What you will do >> Copy out again, unchanged, the listing below from the line that has "CurtBusse Okavango0049" through the line that has "Recombinant Murine Granulocyte-Macrophage".

Given data >>
##############################

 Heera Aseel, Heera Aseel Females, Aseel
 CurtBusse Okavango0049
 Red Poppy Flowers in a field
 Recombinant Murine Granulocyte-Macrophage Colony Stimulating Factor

##############################

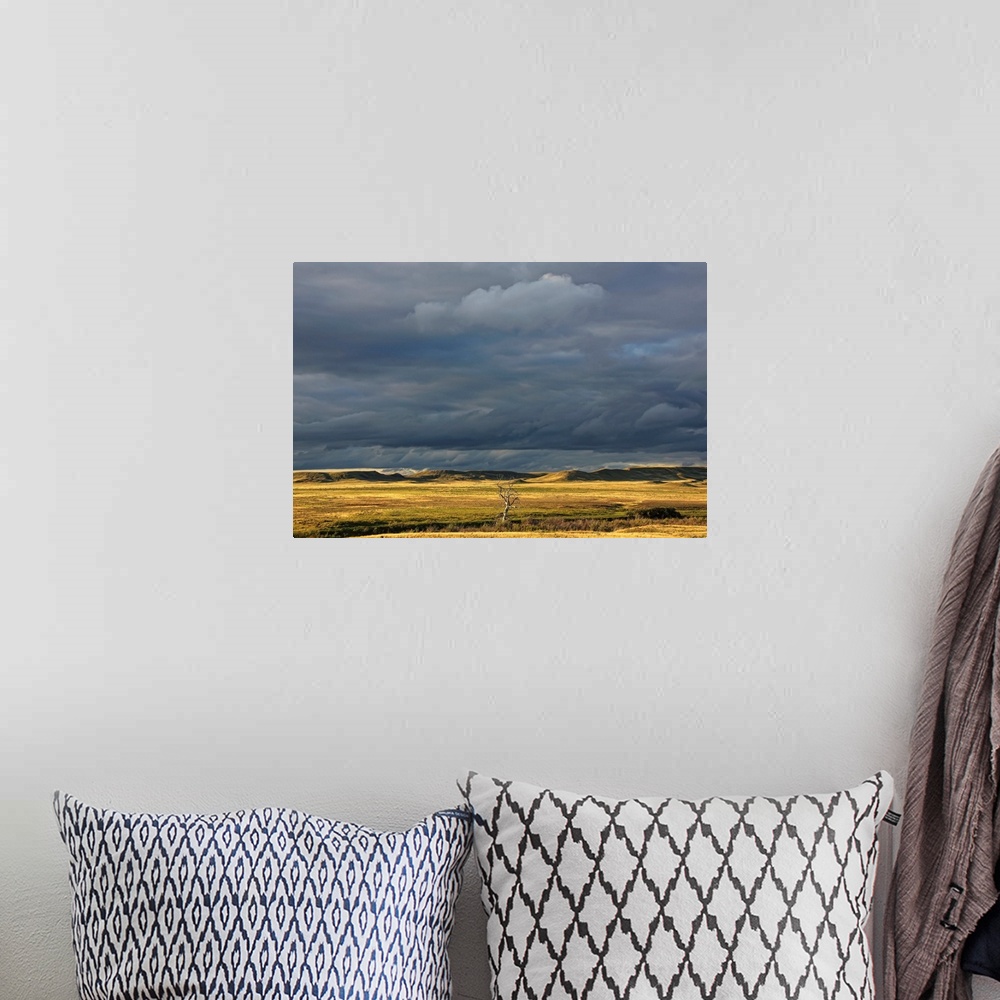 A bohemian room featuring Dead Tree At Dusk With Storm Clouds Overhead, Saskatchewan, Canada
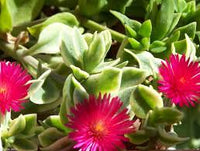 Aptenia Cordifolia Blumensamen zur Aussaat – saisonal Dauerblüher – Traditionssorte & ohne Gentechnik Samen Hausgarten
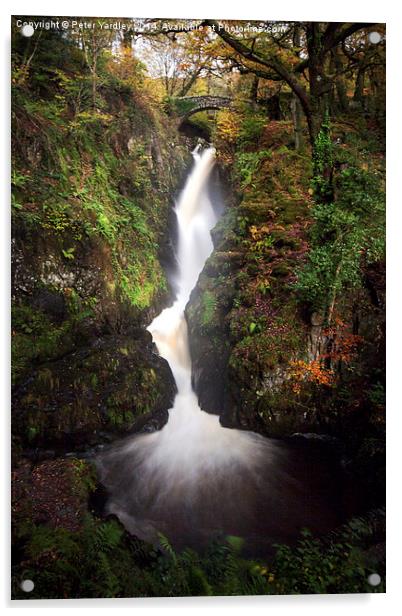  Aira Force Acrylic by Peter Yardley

##############################

Finished task >>
 CurtBusse Okavango0049
 Red Poppy Flowers in a field
 Recombinant Murine Granulocyte-Macrophage Colony Stimulating Factor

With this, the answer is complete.